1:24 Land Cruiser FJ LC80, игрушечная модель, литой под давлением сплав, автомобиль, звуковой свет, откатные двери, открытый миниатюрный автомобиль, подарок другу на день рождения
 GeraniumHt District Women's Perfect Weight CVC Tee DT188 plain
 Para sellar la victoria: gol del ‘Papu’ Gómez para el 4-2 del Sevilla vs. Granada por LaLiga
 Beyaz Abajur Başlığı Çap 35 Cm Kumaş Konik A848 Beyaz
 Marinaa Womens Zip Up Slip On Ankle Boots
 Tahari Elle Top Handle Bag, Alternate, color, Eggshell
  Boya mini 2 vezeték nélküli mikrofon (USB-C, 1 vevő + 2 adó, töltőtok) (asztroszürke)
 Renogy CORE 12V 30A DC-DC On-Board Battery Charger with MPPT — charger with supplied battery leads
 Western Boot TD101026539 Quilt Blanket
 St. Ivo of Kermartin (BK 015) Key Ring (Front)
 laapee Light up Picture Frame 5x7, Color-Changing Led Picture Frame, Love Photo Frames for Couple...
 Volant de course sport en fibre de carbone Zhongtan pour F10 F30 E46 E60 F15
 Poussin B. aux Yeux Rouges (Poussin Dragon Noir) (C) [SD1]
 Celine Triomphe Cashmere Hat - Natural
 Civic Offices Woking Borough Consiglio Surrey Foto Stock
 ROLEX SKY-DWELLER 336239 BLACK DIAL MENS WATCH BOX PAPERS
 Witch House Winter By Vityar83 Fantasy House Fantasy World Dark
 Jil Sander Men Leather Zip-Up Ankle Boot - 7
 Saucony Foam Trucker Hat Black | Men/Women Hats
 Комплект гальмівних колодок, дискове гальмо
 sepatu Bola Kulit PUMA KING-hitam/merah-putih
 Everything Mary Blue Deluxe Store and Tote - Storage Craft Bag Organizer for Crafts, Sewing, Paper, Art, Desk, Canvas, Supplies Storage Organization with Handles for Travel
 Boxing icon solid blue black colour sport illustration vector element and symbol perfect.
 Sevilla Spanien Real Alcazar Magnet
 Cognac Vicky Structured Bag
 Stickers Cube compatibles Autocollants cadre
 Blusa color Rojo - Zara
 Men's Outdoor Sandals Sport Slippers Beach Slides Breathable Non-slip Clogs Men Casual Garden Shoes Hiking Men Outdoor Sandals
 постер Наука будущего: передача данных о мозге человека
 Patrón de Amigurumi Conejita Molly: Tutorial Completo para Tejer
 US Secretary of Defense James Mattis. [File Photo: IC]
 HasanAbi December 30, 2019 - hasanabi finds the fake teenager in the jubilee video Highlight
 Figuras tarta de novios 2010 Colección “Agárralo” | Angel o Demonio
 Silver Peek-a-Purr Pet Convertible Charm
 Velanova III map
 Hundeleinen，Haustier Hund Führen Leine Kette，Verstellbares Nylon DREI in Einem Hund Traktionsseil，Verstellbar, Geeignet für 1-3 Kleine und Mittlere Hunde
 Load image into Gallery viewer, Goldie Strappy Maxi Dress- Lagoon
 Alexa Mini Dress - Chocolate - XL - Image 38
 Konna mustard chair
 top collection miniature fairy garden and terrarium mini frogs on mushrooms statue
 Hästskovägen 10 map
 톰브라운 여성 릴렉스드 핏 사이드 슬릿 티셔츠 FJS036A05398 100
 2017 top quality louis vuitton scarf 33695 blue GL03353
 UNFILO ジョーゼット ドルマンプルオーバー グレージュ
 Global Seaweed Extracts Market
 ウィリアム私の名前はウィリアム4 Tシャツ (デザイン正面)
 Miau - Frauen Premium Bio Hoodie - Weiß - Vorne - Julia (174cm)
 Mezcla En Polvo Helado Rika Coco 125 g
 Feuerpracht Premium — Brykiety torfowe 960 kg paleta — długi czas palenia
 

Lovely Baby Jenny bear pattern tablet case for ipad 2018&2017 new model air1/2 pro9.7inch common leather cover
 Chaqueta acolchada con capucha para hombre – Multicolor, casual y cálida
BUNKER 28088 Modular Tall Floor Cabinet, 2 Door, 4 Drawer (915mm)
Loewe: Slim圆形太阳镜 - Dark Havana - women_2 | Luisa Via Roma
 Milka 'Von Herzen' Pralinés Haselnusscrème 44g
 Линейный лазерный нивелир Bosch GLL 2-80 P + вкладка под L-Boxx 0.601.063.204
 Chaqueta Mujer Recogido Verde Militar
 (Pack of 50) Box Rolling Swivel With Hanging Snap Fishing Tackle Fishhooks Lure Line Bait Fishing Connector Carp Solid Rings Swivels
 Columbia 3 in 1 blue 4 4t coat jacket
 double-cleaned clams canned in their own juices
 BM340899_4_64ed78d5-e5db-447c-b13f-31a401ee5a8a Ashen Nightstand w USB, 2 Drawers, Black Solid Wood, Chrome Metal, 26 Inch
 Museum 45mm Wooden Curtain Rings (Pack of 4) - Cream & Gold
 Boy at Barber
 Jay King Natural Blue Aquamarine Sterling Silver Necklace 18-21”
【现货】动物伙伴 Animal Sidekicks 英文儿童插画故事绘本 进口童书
# # # # #
* **Problem**
What you give back should be exactly the lines of the data above from the line with "Everything Mary Blue" through the line with "US Secretary of", both of those included, and nothing more.

* **Output below**
 Everything Mary Blue Deluxe Store and Tote - Storage Craft Bag Organizer for Crafts, Sewing, Paper, Art, Desk, Canvas, Supplies Storage Organization with Handles for Travel
 Boxing icon solid blue black colour sport illustration vector element and symbol perfect.
 Sevilla Spanien Real Alcazar Magnet
 Cognac Vicky Structured Bag
 Stickers Cube compatibles Autocollants cadre
 Blusa color Rojo - Zara
 Men's Outdoor Sandals Sport Slippers Beach Slides Breathable Non-slip Clogs Men Casual Garden Shoes Hiking Men Outdoor Sandals
 постер Наука будущего: передача данных о мозге человека
 Patrón de Amigurumi Conejita Molly: Tutorial Completo para Tejer
 US Secretary of Defense James Mattis. [File Photo: IC]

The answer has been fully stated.